Increased food intake leads to obesity and insulin resistance in the tg2576 Alzheimer's disease mouse model

Motoyuki Kohjima et al. Endocrinology. 2010 Apr.

Abstract

Recent studies suggest that hyperinsulinemia and insulin resistance are linked to Alzheimer's disease (AD). In this study, we used Tg2576 transgenic (Tg) mice, a widely used transgenic mouse model for AD, to explore the relationship between increased amyloid beta-peptide (Abeta) and insulin resistance. When fed a high-fat diet (HFD), Tg mice developed obesity and insulin resistance at 16 wk of age.

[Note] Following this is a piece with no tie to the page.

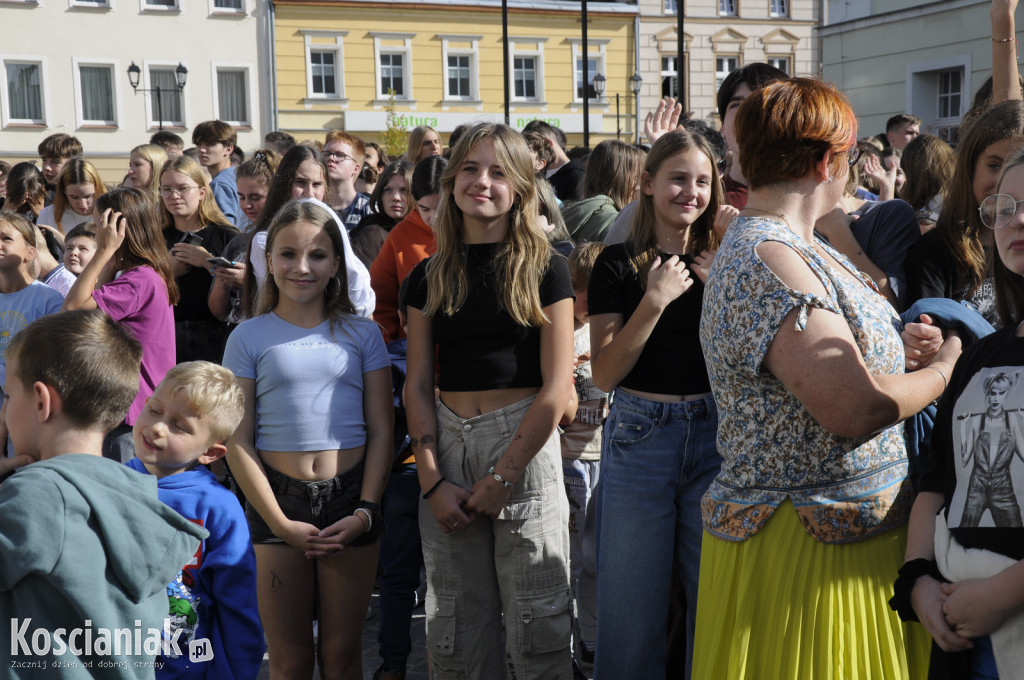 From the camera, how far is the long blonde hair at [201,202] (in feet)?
17.7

Furthermore, HFD-fed Tg mice displayed abnormal feeding behavior and increased caloric intake with time. Although caloric intake of HFD-fed Tg mice was similar to that of normal diet-fed Tg or wild-type mice during 4 to 8 wk of age, it increased sharply at 12 wk, and went up further at 16 wk, which paralleled changes in the level of Abeta40 and Abeta42 in the brain of these mice. Limiting food intake in HFD-fed Tg mice by pair-feeding a caloric intake identical with that of normal diet-fed mice completely prevented the obesity and insulin intolerance of HFD-fed Tg mice. The hypothalamus of HFD-fed Tg mice had a significant decrease in the expression of the anorexigenic neuropeptide, brain-derived neurotrophic factor, at both the mRNA and protein levels. These findings suggest that the increased Abeta in the brain of HFD-fed Tg2576 mice is associated with reduced brain-derived neurotrophic factor expression, which led to abnormal feeding behavior and increased food intake, resulting in obesity and insulin resistance in these animals.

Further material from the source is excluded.